A partir de 1603 –en el verano de 1604 “su presencia está debidamente atestiguada en Valladolid” (Canavaggio, 2015)- Cervantes se asentó con su familia en la ciudad del Pisuerga, siguiendo las oportunidades que se ofrecían desde que Felipe III en 1601 decidiera trasladar allí su corte. La ciudad castellana se convirtió así en “la capital intelectual del reino” (Canavaggio, 2015), a la que enseguida arribaron escritores, pintores, escultores, etc., en busca de un noble que pudiera servirles de mecenazgo.La vinculación hacia un determinado protector –afirma Isabel Enciso Alonso-Muñumer (2008)- les proporcionaba una red clientelar y el beneficio de una pensión o algún dinero eventual; también, se convertía en un medio recíproco para adquirir honor y fama”. Se colige, por tanto, que en los cenáculos cortesanos y literarios de Valladolid bien pudiera Cervantes haber conocido al duque de Béjar, de quien, por otro lado, debía de tener cercanas referencias, teniendo en cuenta que la finca que el escritor habitaba en Valladolid pertenecía a Juan de las Navas, “hijo del gestor, secretario, mayordomo y lo que haga falta del duque de Béjar” (Gracia, 2016). Así, Cervantes, poniendo en práctica los propios versos de cabo roto que habría de plasmar en los preliminares del Quijote –“Y pues la espiriencia ense- / que el que a buen árbol se arri- / buena sombra le cobi-, / en Béjar tu buena estre- / un árbol real te ofre- / que da príncipes por fru-“- se arrimó al duque con ánimo de conseguir de éste las prebendas que emanan de un valedor de su alcurnia, quien –podemos imaginar sin riesgo a fantasear en demasía y tal vez contradiciendo la displicencia que algunos biógrafos le atribuyen hacia Cervantes- bien pudiera haberle invitado a visitar alguna de las haciendas que poseía en Béjar, en concreto la finca de recreo “El Bosque”. 

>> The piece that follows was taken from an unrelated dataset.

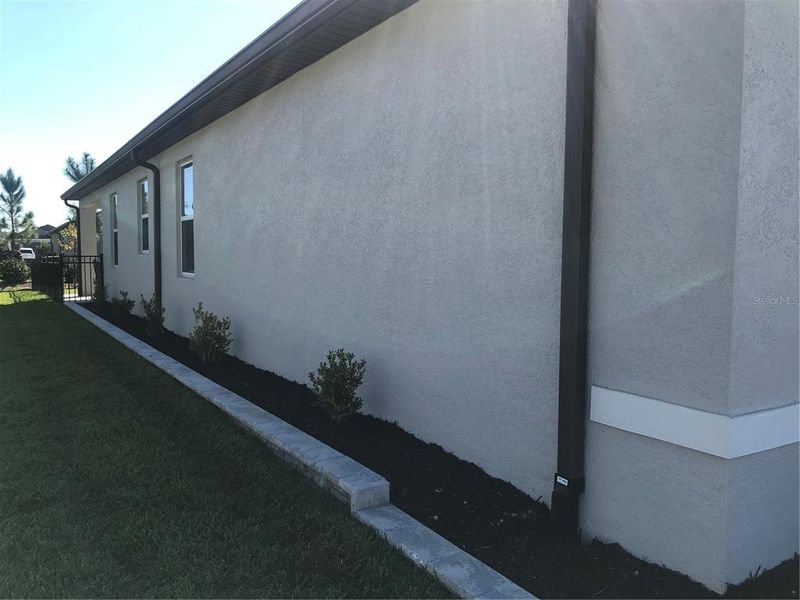 Exterior details and patio area of a home in Del Webb Stone Creek, Ocala (Image 18).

El Bosque (foto: Rubén Martín Bardera)

Como bien sabemos -sobre todo desde los impagables estudios que sobre este espacio les debemos a Urbano Domínguez Garrido y José Muñoz Domínguez (1994)-, “El Bosque” es una villa renacentista que, a la manera de las habidas en Italia, se erigía como un “ideal antiurbano para la aristocracia del momento, pero también como espacio para el aprendizaje de las artes, las letras y las habilidades cinegéticas” (Muñoz Domínguez, 2004). De esta manera, la inspiración humanista que caracterizaba a las villas italianas, donde se desplegaba el interés por el conocimiento y el gusto por las artes, también tuvo su reflejo en “El Bosque”. Así, entre la diversidad de actividades –artes plásticas, jardinería, recitación poética, teatro, música, canto coral, danza o naumaquias- que se llevaban a cabo en esta finca de recreo, es oportuno destacar aquí la relevancia de la poesía que, al celebrar las bondades de “El Bosque” por autores como Góngora o Cristóbal de Mesa, “convierten este lugar en un verdadero espacio poético” (Muñoz Domínguez, 2004).

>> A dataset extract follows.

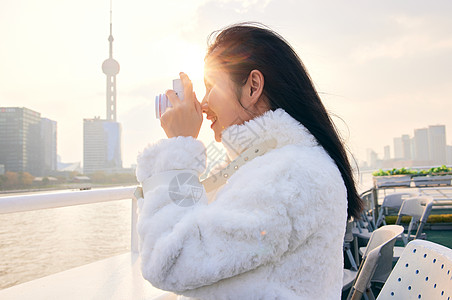 游轮上拿着相机拍照的女生图片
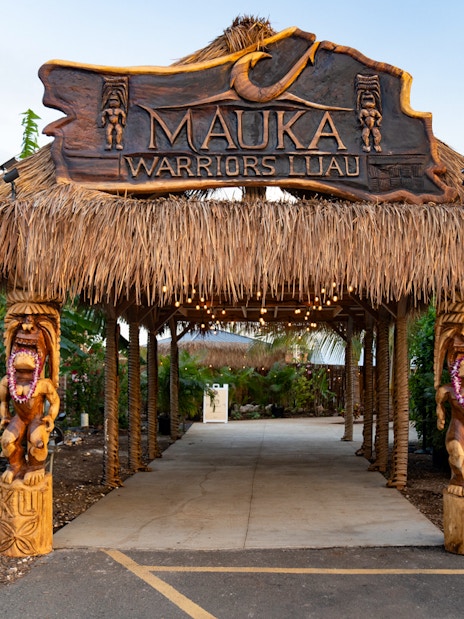 Entrance arch with dried grass at Mauka Warriors Luau, featuring carved wooden statues.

De Cervantes, como ya hemos visto, no consta que acudiera a “El Bosque” para presenciar alguna representación teatral o participar en alguna de esas veladas poéticas, pero podemos imaginar que, siendo tan aficionado al teatro como a los torneos líricos –consta que “El 7 de mayo de 1595 resulta Cervantes vencedor en una justa poética organizada por los dominicos en Zaragoza” (Canavaggio, 2004)-, el autor del Quijote no dejara pasar la ocasión de acercarse a la villa bejarana.
De esta manera tenemos al menos tres datos que no hacen descabellado columbrar la idea de la presencia de Cervantes en Béjar. La relativa cercanía a su actual asentamiento en Valladolid, la necesidad de arrimarse al duque para que le prestara su mecenazgo y su gusto por participar en justas poéticas son circunstancias que además contaban con un espacio privilegiado –“El Bosque”- para hacerlas confluir. “Y diga cada uno lo que quisiere; que si por esto fuere reprehendido de los ignorantes, no seré castigado de los rigurosos” (Quijote, I, 15).

La vía del arte
                “El arte no se aventaja a la naturaleza, sino perfecciónala” (Quijote, II, 16). Valga aquí decir no sólo la naturaleza, sino los hechos reales del mundo que son objeto de la ciencia –las incertidumbres que como hemos visto nos ha dejado la investigación histórica-, los que trataremos de complementar asomándonos a lo que pueda aportarnos el arte para ir desbrozando la maraña que envuelve al misterio de la presencia o ausencia de Cervantes en Béjar.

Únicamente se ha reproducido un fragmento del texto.